* _PROBLEM_
Please copy, exactly and with no pictures, only the lines from the one containing "No subtype information." through the last line of the records.

▽

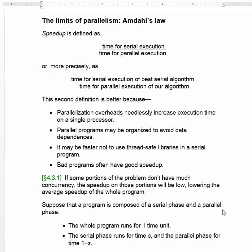In this segment, we want to talk about Amdahl's Law. When we parallelize a program, we do so because we want to speed it up — we want to make it run faster than it does on a single processor.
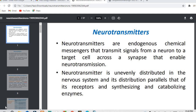Their role is to transmit the information from a particular neuron to a target cell where they have to transmit the signal. By transmitting the signal, they enable neurotransmission. They are also known as chemical messengers, which pass important chemical messages.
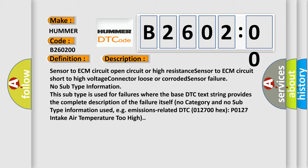No subtype information. This subtype is used for failures where the base DTC text string provides the complete description of the failure itself. No category and no subtype information used. For example, emissions-related DTC 012700 hex, P0127, intake air temperature too high.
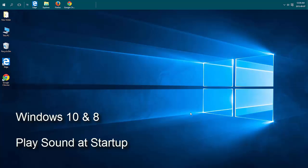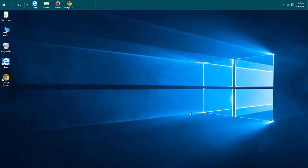How to make Windows play the startup sound in Windows 10. In Windows 10 and Windows 8, the startup sound you used to hear in older versions no longer plays.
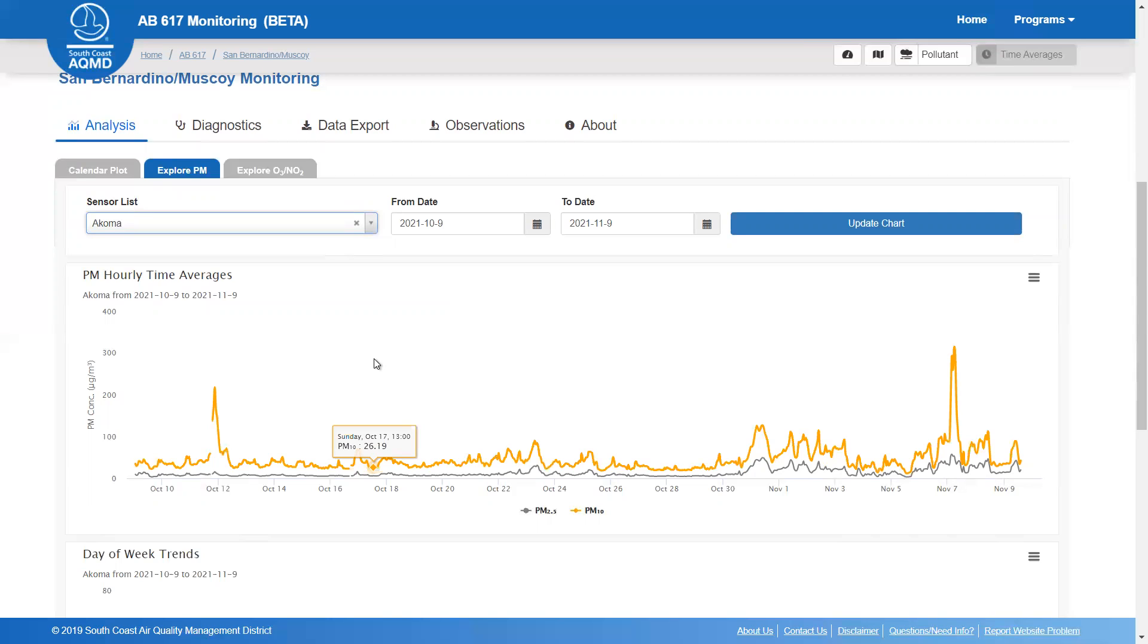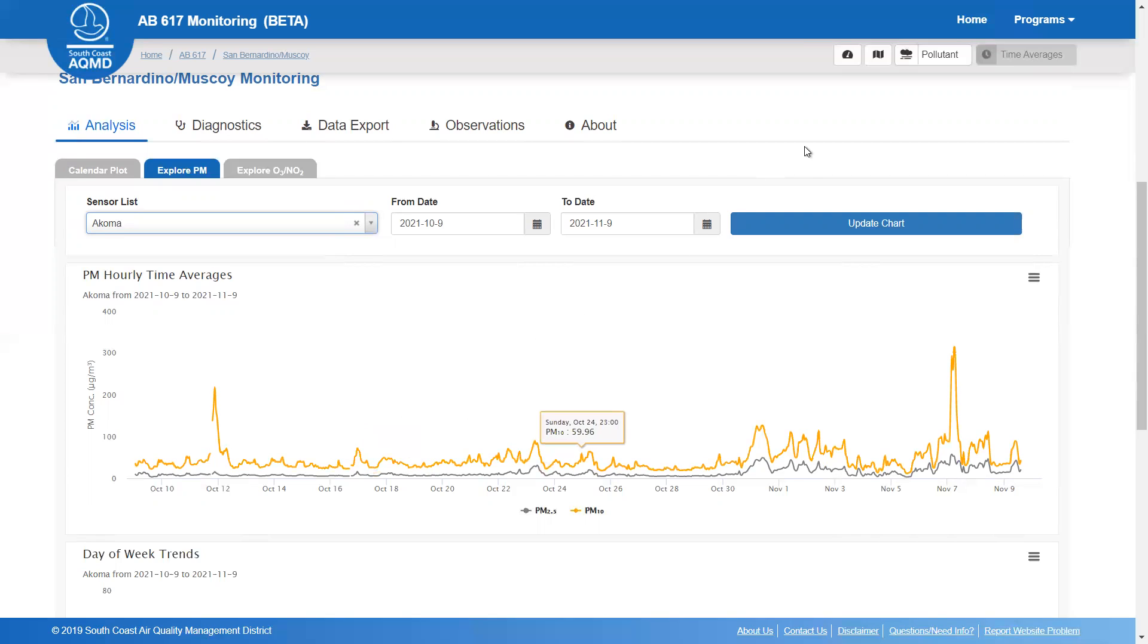For a video introducing this dashboard, explaining how to use the map, or describing the other plots and analysis tools, please see the links in the description below. In addition to links to more videos, there are links in the description to more information about this AB617 community, the Araquel AQI sensor deployment, and a user guide for this dashboard. Thank you very much.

△

* _EXERCISE RESPONSE_
No subtype information. This subtype is used for failures where the base DTC text string provides the complete description of the failure itself. No category and no subtype information used. For example, emissions-related DTC 012700 hex, P0127, intake air temperature too high.
How to make Windows play the startup sound in Windows 10. In Windows 10 and Windows 8, the startup sound you used to hear in older versions no longer plays.
For a video introducing this dashboard, explaining how to use the map, or describing the other plots and analysis tools, please see the links in the description below. In addition to links to more videos, there are links in the description to more information about this AB617 community, the Araquel AQI sensor deployment, and a user guide for this dashboard. Thank you very much.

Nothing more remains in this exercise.